4) Turning now to the left side, the subject studies the items, and selects three from among those on the left that are most unlike his or her position. These are placed under the -5 marker. Again, the specific order does not matter.
5) Returning to the right side, the subject now picks the four items that are more like his or her position than the remaining ones among the grouping but which are not as significant as the four already selected (located under +5), and places them under the +4 marker. On second thought the respondent might decide that an item selected for +4 is more importatnt than one uder +5. He or she is perfectly free to switch it with another at this or any other time.
6) Attention reverts to the left side and the process is repeated, with the subject working toward the middle 0 position, until all of the Q-sort statements are positioned from left to right.

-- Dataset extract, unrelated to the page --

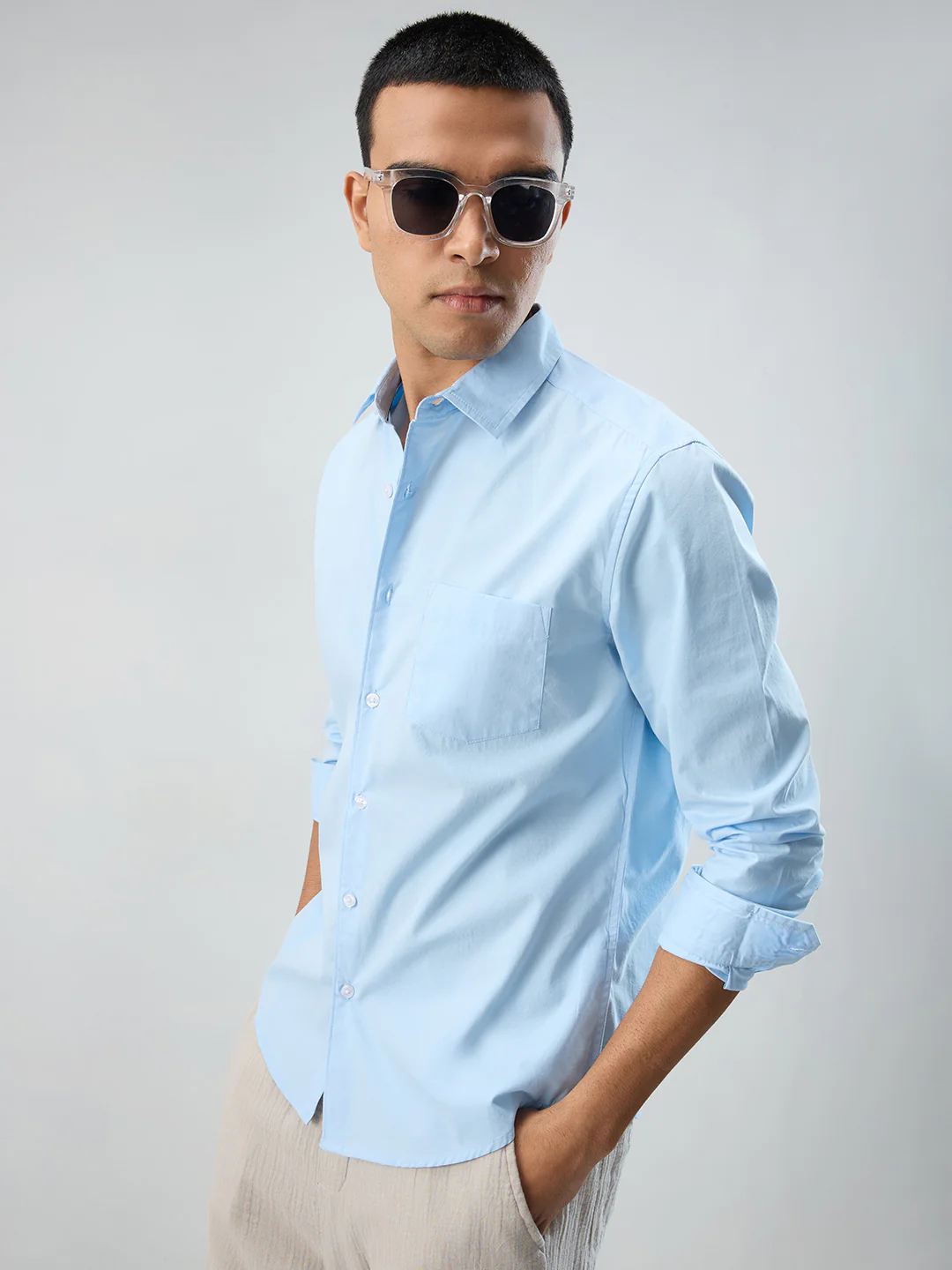 Plush Sky Blue Peach Finish Poplin Shirt - Image 5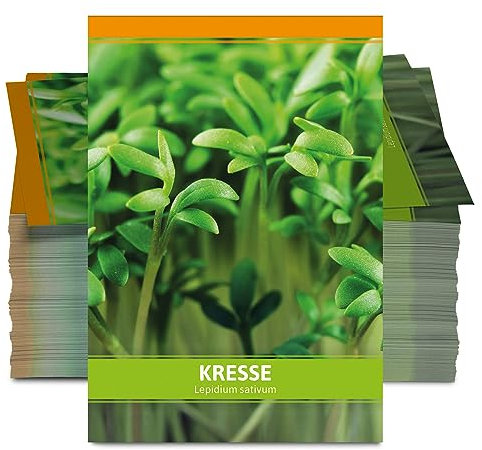 FLORTUS Kressesamen für Gastgeschenke (100 Stück) | Kleine Geschenktüten Sprossen Samen für Kresse als Dankeschön Geschenke & Werbegeschenke | Kräutersamen für Microgreens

Items placed under the middle marker (0) often are the ones left over after all of the positive and negative positions have been filled. The reason for having subjects work back and forth is to help them think anew the significance of each item in relation to the others. Once completed, the Q-sort should be reviewed, the subject making adjustments among items that, upon rearrangement, more accurately portray his or her personal point of view.
7) Finally, statement scores for the completed Q-sort are recorded by writing the item numbers on a score sheet that reproduces the Q-sort distribution (cf., the figure above).